How do you creatively approach producing the music for a film?
The first step in my creative approach is connecting with the director so that I can understand their creative vision. I like to think of them as the treasure map for the project. They give me clues and ultimately guide me, but there’s some room for interpretation along the way. From there, I create a sound journal. The objective is just to get my ideas flowing. I essentially “throw paint at the wall,” trying new sounds and building rough pieces of music. Then, once I receive picture lock, I begin to write for the nuances of the film.
What about Keeper made you interested in composing its score?
I had really wanted to score an action thriller for some time. After seeing the rough cut, and learning about Anna’s ideas for the music direction, I was in. Our collaboration felt really natural and spurred on my own creative process.
What emotions did you focus on evoking from the audience?
I wanted to build tension and keep it high, but there was an additional layer of discomfort to consider. Anna wanted to make it clear that the main character is exhausted, and possibly high, so we’re getting a frenzied view of her world. I pulled in a lot of screechy, elongated cello sounds to keep the audience aware that things are just a little off.
Beyond that, I tried to follow the action. For one scene in particular, I brought in loose percussion to make a sloppier sound, but as the character gains control over the situation, the percussion tightens up.

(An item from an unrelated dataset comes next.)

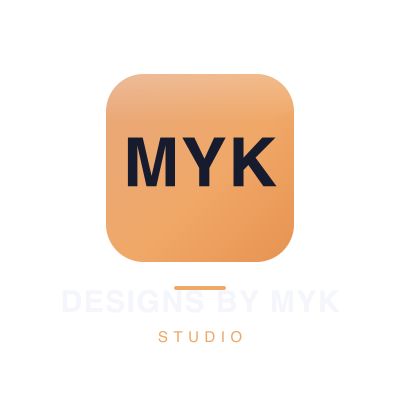 Designs by Myk Account logo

The sound for that scene was meant to mirror the character’s battle for control over the villain.
Tell us a little about your background. How did you start in composing music?
While working as an art director for a large retail brand, I was approached by a film director who asked me if I would score a short film. I grew up as a musician, playing in bands and recording, but I thought my music days were behind me. I reluctantly accepted the scoring gig, and once I got in the studio I realized I could never leave it behind.